While conservative lawmakers voted in support of the proposal, progressives, public defenders and members of the city’s Aurora Public Defender Commission expressed doubt that privatizing public defense would be cheaper or better for defendants who are too poor to hire their own lawyer when facing jail time imposed by municipal court.
Former public defender Michael Carter told the council during the public comment period of the meeting that public defenders view their job as their “calling” and suggested private lawyers who hadn’t signed up for the relatively low-paying, high-volume work of public defense wouldn’t be as dedicated as the employees of the Aurora Public Defender’s Office.
“While the public defender’s job is first and foremost to follow the law, we also become social workers. We become guidance counselors. We become all sorts of things,” Carter said.
“At 5 o’clock, the judge wants to go home, the clerk wants to go home, (and) the DA wants to go home, because it’s their job, and at 5 o’clock, they’re ready to go. But at 5 o’clock, I’m not, because this is my calling. My calling doesn’t change because of the time. My calling doesn’t change because we’ve been here for six or seven hours. That’s what it means to be a public defender.”
David Kaplan — a member of the Aurora Public Defender Commission, which has the power to appoint and remove the city’s public defenders — called Aurora’s system a “national model” and urged the council to include the commission in discussions about eliminating the in-house office.
In response to a question from Councilmember Alison Coombs, George Koumantakis from the Aurora City Attorney’s Office said city code doesn’t expressly prohibit the city from using outside attorneys to handle public defense.
However, chief public defender Elizabeth Cadiz said the code makes numerous references to the specific relationship between the in-house Public Defender’s Office and the Aurora Public Defender Commission.
She also rejected the suggestion by Zvonek that the state’s Office of the Alternate Defense Counsel could take over the work done by her office. The OADC currently defends poor defendants in the Aurora Municipal Court on a contract basis when there would be a conflict of interest involving the Public Defender’s Office.
Of the three other cities that contract with the OADC for public defense, Cadiz said Denver has a limited arrangement similar to Aurora’s, while Northglenn and Westminster have smaller municipal courts that handle fewer cases. Unlike Aurora’s court, Northglenn’s court does not hear domestic violence cases, she said.

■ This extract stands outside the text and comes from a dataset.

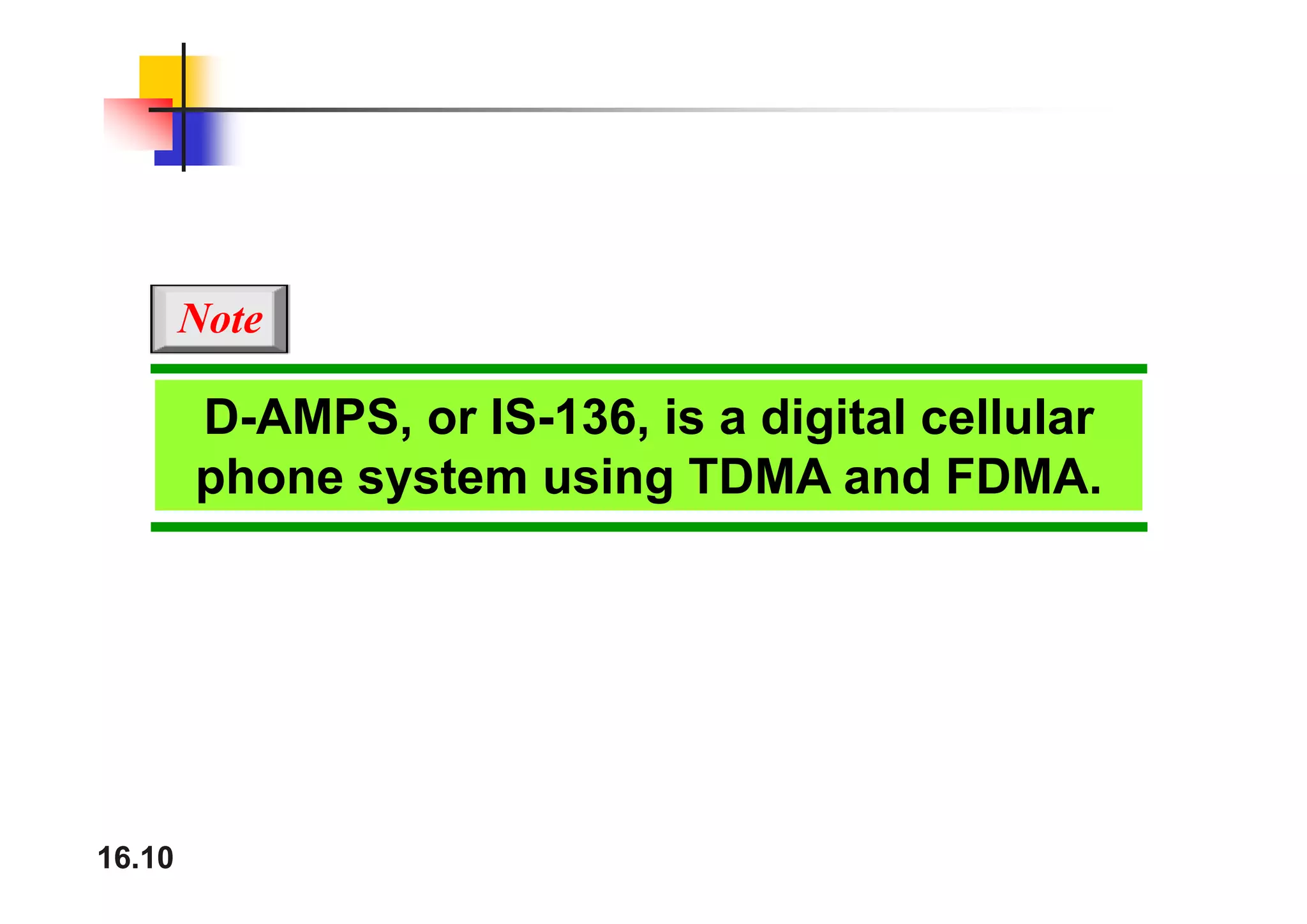 Note
D-AMPS, or IS-136, is a digital cellular
h t i TDMA d FDMA
phone system using TDMA and FDMA.
16.10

Last year, then-chief public defender Doug Wilson, who worked in the state public defender’s office for more than a decade, also said the OADC was also understaffed despite having an “enormous workload.”
“It’s a big risk to take,” Cadiz said Oct. 9. “Your decision will, in fact, affect an entire department full of full-time employees who work here and are good at what they do, and are providing a constitutionally-required service to this city.”
She also brought up the fact that the city has already paid for a workload study that will determine the appropriate staffing level for city judicial entities, including the Public Defender’s Office, which could inform the council’s decision about the future of the office.
Councilmember Curtis Gardner said he thought the council was getting ahead of itself by debating whether to eliminate the Public Defender’s Office, since the Oct. 9 vote was only to request bids.
“(Zvonek) has said several times (that) if it doesn’t pencil out, then we’re not going to move forward. And I’ll be the first to say, it isn’t going to solely come down to dollars and cents for me,” Gardner said. “There’s a lot more to it than that. I want to make sure that the folks who use the public defender have strong representation.”
Meanwhile, Coombs said she was worried that the council would impact morale among public defenders and drive turnover by publicly talking about getting rid of the city office.
“My concern is that in doing this what we end up saying to those folks is, ‘You might want to be looking around for another job.’ And then we end up incurring the cost of recruiting, and training, and onboarding a whole new group of folks. So that actually is not a responsible use of our dollars, to send that message out to our employees in this whole department,” she said.
The council ultimately voted 6-4 to request bids for replacing the Public Defender’s Office, with Coombs, Juan Marcano, Ruben Medina and Crystal Murillo opposed.